#### The input:
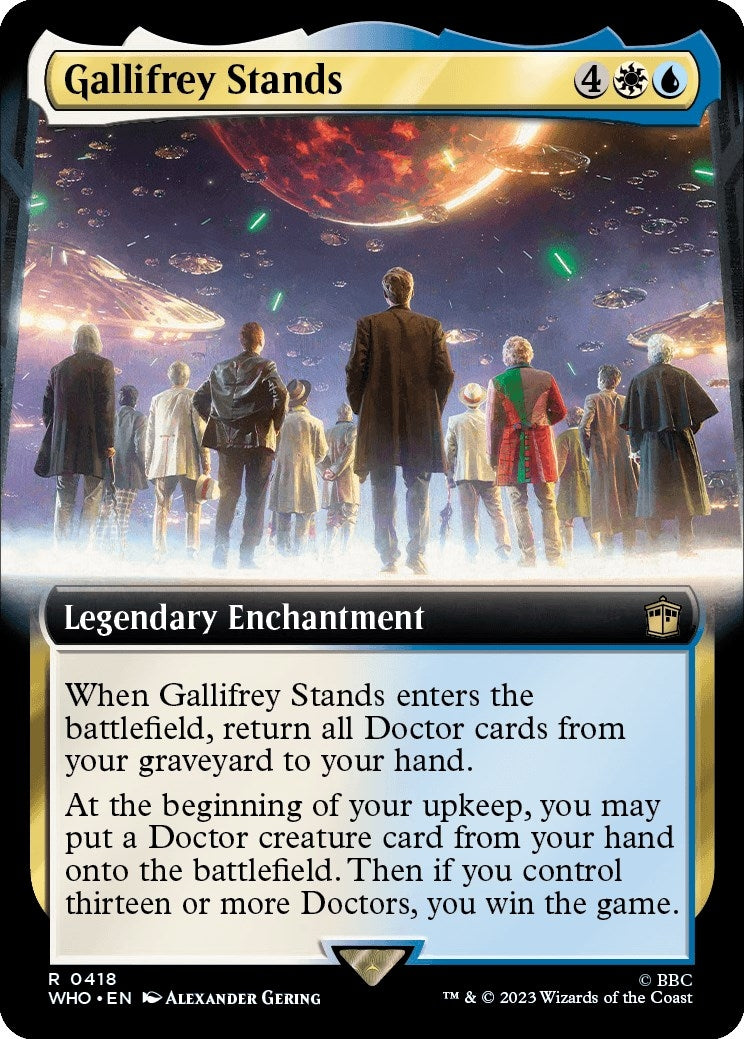 Gallifrey Stands (Extended Art) (418) (Universes Beyond: Doctor Who)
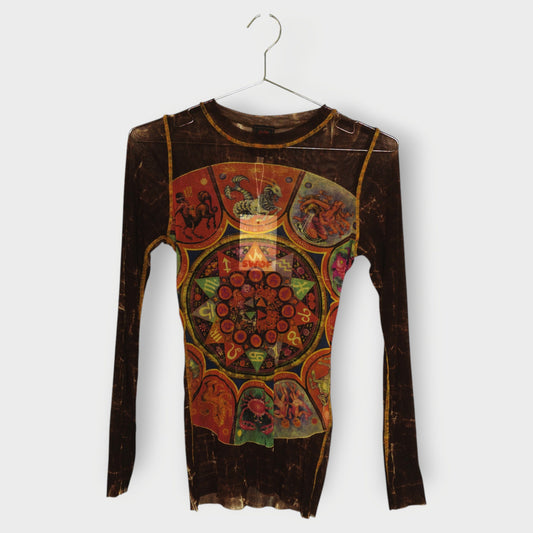 Zodiac Mesh Top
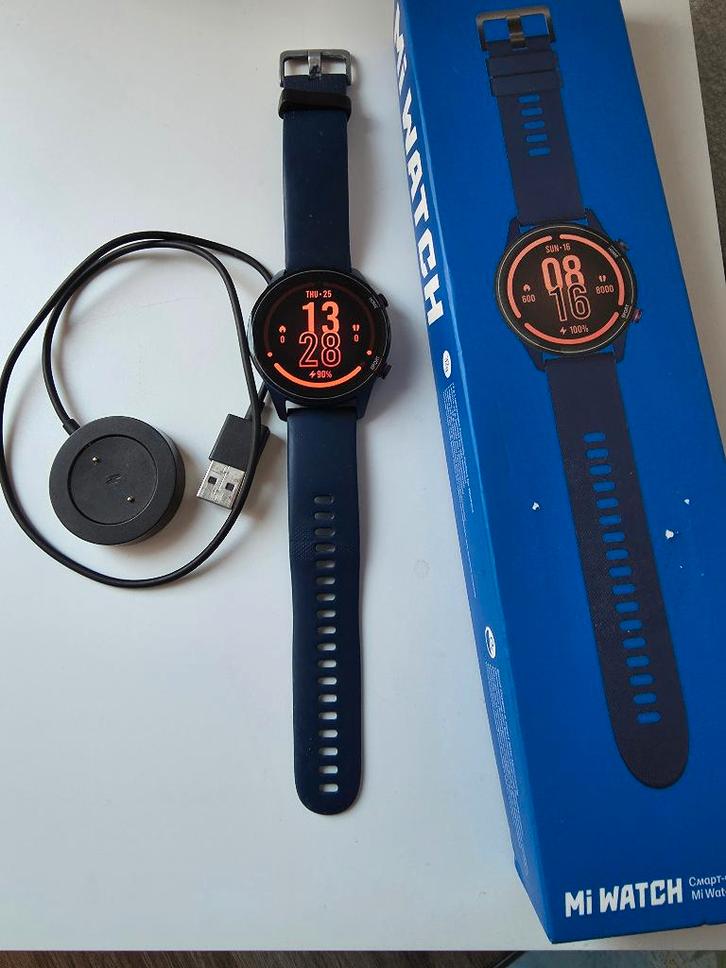 xiaomi mi watch, Bijoux, Sacs & Beauté, Montres connectées, Android, Bleu, La taille, Étanche, Enlèvement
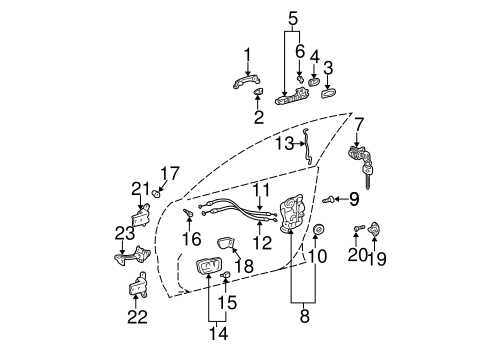 2005 toyota camry parts diagram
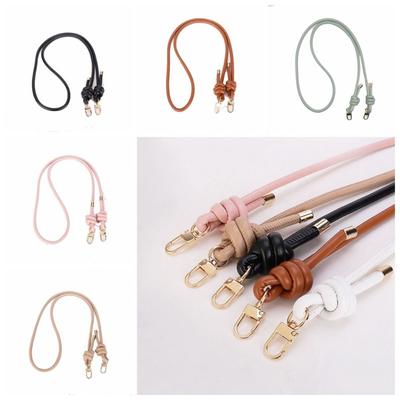 Solid Color Adjustable Shoulder Strap PU Leather Replacement Belt Durable Bag Shoulder Belt  Women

#### Work to complete:
Word for word, restate the lines from the one containing "xiaomi mi watch, Bijoux, Sacs" through the end of the listing, and nothing more. Skip the pictures.

#### Answer box:
 xiaomi mi watch, Bijoux, Sacs & Beauté, Montres connectées, Android, Bleu, La taille, Étanche, Enlèvement
 2005 toyota camry parts diagram
 Solid Color Adjustable Shoulder Strap PU Leather Replacement Belt Durable Bag Shoulder Belt  Women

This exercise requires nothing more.